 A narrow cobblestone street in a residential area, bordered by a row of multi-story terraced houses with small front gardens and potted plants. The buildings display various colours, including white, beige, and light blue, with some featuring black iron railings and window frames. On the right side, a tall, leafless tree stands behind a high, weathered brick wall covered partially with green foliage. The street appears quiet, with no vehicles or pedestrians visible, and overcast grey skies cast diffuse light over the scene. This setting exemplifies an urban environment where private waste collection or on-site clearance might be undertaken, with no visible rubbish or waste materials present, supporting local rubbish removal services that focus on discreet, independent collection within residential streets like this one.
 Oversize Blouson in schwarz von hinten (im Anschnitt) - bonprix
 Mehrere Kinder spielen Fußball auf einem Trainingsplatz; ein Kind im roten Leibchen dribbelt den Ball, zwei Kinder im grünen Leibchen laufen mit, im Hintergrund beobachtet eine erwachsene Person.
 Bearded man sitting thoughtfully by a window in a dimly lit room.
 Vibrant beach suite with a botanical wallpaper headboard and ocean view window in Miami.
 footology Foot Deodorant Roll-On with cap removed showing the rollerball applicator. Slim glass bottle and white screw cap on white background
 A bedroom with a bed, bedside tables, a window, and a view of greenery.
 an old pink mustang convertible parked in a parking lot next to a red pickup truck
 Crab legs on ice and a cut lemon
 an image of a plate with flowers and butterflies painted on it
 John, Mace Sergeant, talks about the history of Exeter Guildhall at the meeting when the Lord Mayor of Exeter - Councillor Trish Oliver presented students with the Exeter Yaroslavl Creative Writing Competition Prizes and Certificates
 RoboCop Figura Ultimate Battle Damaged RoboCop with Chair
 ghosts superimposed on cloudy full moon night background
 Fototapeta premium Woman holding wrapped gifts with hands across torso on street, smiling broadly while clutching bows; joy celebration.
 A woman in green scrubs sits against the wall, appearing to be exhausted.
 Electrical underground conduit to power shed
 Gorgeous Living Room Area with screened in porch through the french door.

==*==

§ **Brief**
Please return every line of the data, unaltered.

§ **Problem solution**
 A narrow cobblestone street in a residential area, bordered by a row of multi-story terraced houses with small front gardens and potted plants. The buildings display various colours, including white, beige, and light blue, with some featuring black iron railings and window frames. On the right side, a tall, leafless tree stands behind a high, weathered brick wall covered partially with green foliage. The street appears quiet, with no vehicles or pedestrians visible, and overcast grey skies cast diffuse light over the scene. This setting exemplifies an urban environment where private waste collection or on-site clearance might be undertaken, with no visible rubbish or waste materials present, supporting local rubbish removal services that focus on discreet, independent collection within residential streets like this one.
 Oversize Blouson in schwarz von hinten (im Anschnitt) - bonprix
 Mehrere Kinder spielen Fußball auf einem Trainingsplatz; ein Kind im roten Leibchen dribbelt den Ball, zwei Kinder im grünen Leibchen laufen mit, im Hintergrund beobachtet eine erwachsene Person.
 Bearded man sitting thoughtfully by a window in a dimly lit room.
 Vibrant beach suite with a botanical wallpaper headboard and ocean view window in Miami.
 footology Foot Deodorant Roll-On with cap removed showing the rollerball applicator. Slim glass bottle and white screw cap on white background
 A bedroom with a bed, bedside tables, a window, and a view of greenery.
 an old pink mustang convertible parked in a parking lot next to a red pickup truck
 Crab legs on ice and a cut lemon
 an image of a plate with flowers and butterflies painted on it
 John, Mace Sergeant, talks about the history of Exeter Guildhall at the meeting when the Lord Mayor of Exeter - Councillor Trish Oliver presented students with the Exeter Yaroslavl Creative Writing Competition Prizes and Certificates
 RoboCop Figura Ultimate Battle Damaged RoboCop with Chair
 ghosts superimposed on cloudy full moon night background
 Fototapeta premium Woman holding wrapped gifts with hands across torso on street, smiling broadly while clutching bows; joy celebration.
 A woman in green scrubs sits against the wall, appearing to be exhausted.
 Electrical underground conduit to power shed
 Gorgeous Living Room Area with screened in porch through the french door.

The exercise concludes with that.